Shades of E.D. Hirsch in Cultural Literacy.
Intellect is community property and can be handed down. We all know what we mean by an intellectual tradition, localized here or there; but we do not speak of a 'tradition of intelligence,' for intelligence sprouts where it will and is spent day by day like income for incessant needs. Intelligence is the native ability of the creature to achieve its ends by varying the use of its powers - living, as we say, by its wits. Accordingly, we can distinguish the intelligent from the stupid throughout the scale of sentient beings: an intelligent, but not intellectual, dog or child; an intellectual, but not intelligent, bluestocking or university professor. Intelligence is by definition the protean faculty. We find it in a political move or in a work of art, in the performance of a football team or in a piece of repartee, none of which are specifically intellectual. And though Intellect neither implies nor precludes intelligence, two of its uses are - to make up for the lack of intelligence and to amplify the force of it by giving it quick recognition and embodiment.

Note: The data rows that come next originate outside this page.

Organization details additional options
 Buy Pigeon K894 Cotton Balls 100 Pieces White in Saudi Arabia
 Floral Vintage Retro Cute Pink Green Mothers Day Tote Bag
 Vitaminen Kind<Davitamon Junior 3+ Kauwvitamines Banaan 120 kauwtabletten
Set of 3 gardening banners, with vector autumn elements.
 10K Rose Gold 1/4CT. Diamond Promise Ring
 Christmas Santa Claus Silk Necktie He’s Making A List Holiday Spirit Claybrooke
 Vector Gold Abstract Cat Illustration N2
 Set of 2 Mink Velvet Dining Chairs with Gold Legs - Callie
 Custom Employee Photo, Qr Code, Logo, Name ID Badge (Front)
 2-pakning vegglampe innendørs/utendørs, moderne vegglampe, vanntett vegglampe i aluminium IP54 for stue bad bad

For intelligence wherever found is an individual and private possession; it dies with the owner unless he embodies it in more or less lasting form. Intellect is on the contrary a product of social effort and an acquirement. A man cannot help being intelligent, but he can easily help becoming an intellectual. Intellect is an institution; it stands up as it were by itself, apart from possessors of intelligence, even though they alone could rebuild it if it should be destroyed.